While the phenomenon of the Nordic tone certainly exists, far from all Swedish jazz musicians play in a way that connects to local folk music or some state of mind remnant of films by Ingmar Bergman. Trumpeter Peter Asplund, for one, has never dodged the challenge of going head-to-head with the great heritage from across the big pond. A stunning virtuoso, he plays the American songbook superbly, adding anything Swedish or Nordic only in a secondary way, as there are only subtle reflections of it in his personal sound.
He once told me about being able to revisit the grand masters of the instrument only after having completed a circle of intense composing. It wasn’t until then that he felt he could interpret somebody like Louis Armstrong.
On his latest album, Asplund takes on music by the great Leonard Bernstein. Along with his quartet and the Dalasinfoniettan symphony orchestra conducted by Mats Hålling, he brings together jazz with symphonic arrangements in a very stringent way, making the music sound fresh and dexterous even when it is at its grandest.

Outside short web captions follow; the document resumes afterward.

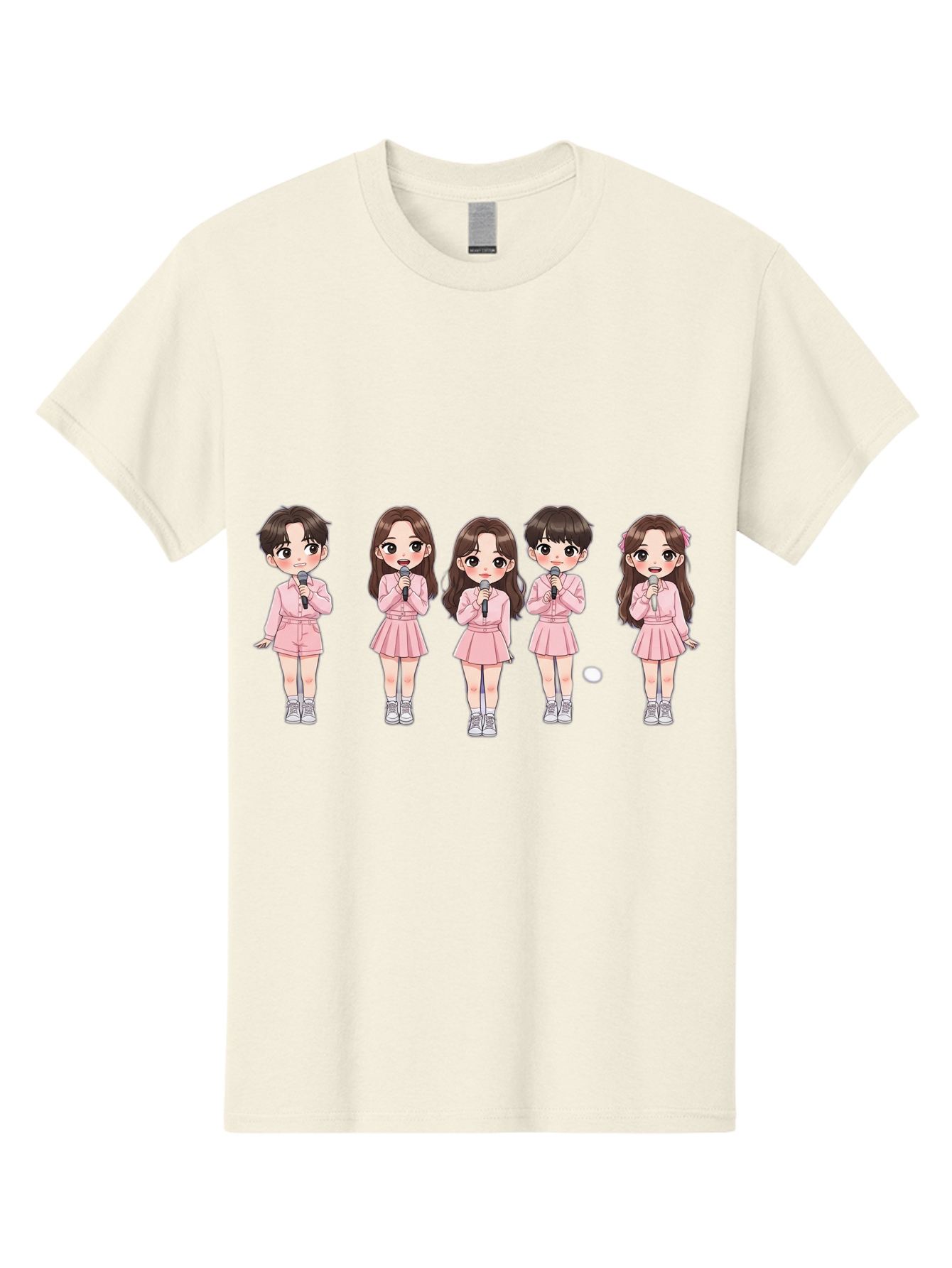 Newjeans Men'S Graphic Tee, 100% Cotton, Comfortable Casual Summer Wear, Machine Washable, Newjeans K-Pop Group, Cartoon Illustration, K-Pop Idols, Pink Outfits, Microphones, K-Pop Fandom, Chibi Style, K-Pop Fashion, Group Portrait Bac198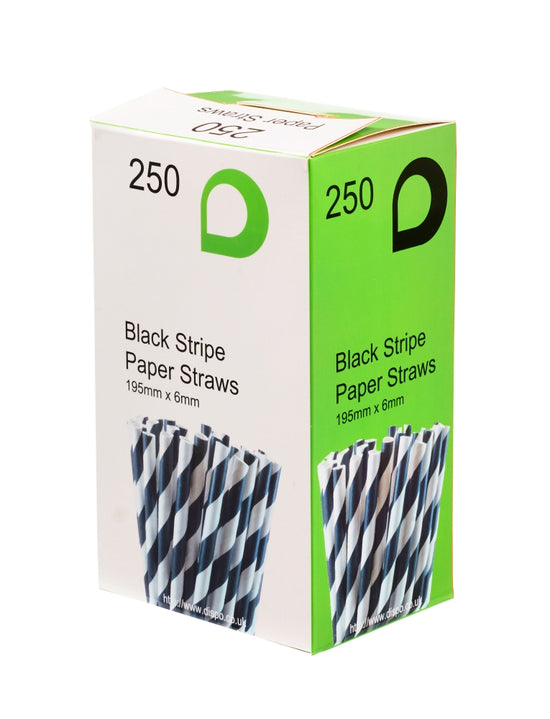 Black Striped Paper Straw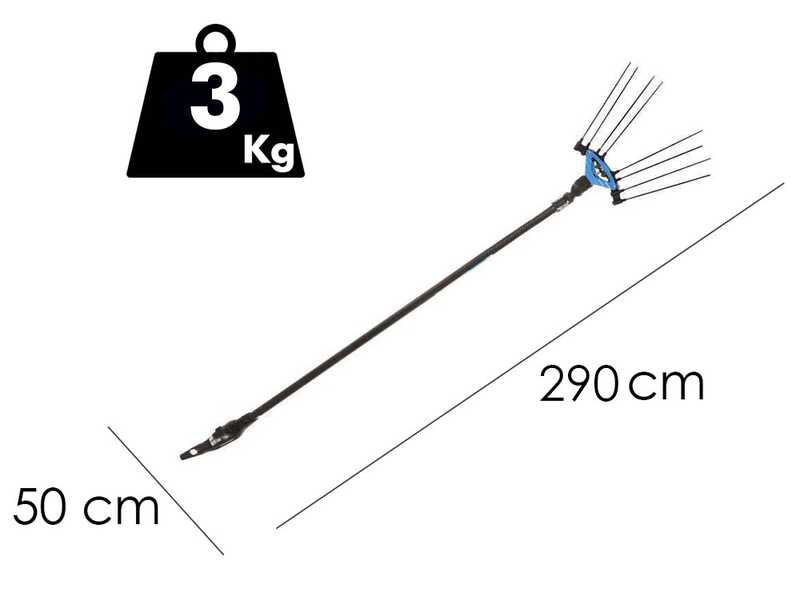 Campagnola Icarus V1 ECO Plug-in - Asta in carbonio - 290 cm - Abbacchiatore elettrico a batteria - 21.6V 5Ah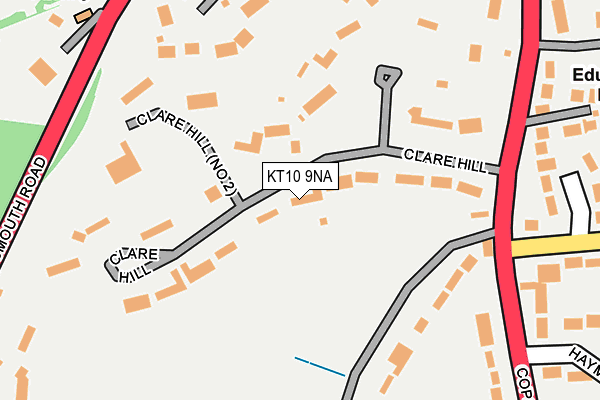 KT10 9NA map - OS OpenMap – Local (Ordnance Survey)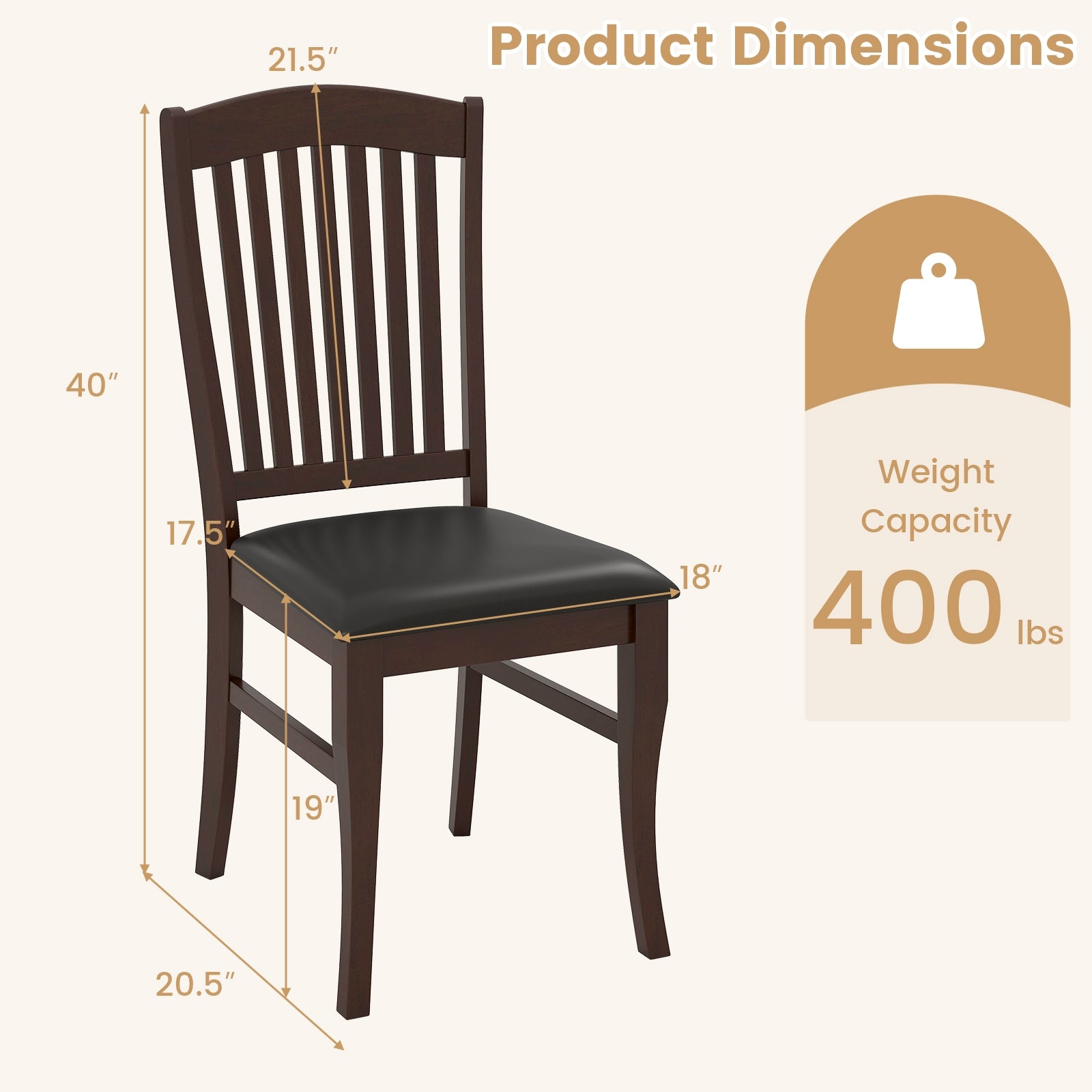 Dining Chairs Set of 2 Kitchen Side Chairs Mid-century Armless Dinette Chairs, Coffee Dining Chairs at Gallery Canada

I like to toy with the idea that Swedish jazz musicians have been coming along in roughly five waves. In the first, they mostly copied Americans. In the second they began searching for their own selves, sometimes crossing over into folk music, local as well as Indian and African. The third wave produced some great musicians who were slightly pushed back by the not so great climate for straight-ahead jazz in the 80’s. The fourth — where I place Asplund — musicians finally dared to play with the kind of drive and panache that you would have had to go stateside to find only a decade ago.
In the fifth wave the cumulative effect is stronger than perhaps ever before. The passing on of knowledge both within formal education and through word of mouth has built a confidence in young Swedish jazz musicians that allows them to flourish sooner and to choose their paths more individualistically.
Of course, I am generalizing here, and in my writing to come I will happily prove my wave theory inaccurate or downright useless in more than one case. But until then, dig Peter Asplund of the fourth wave.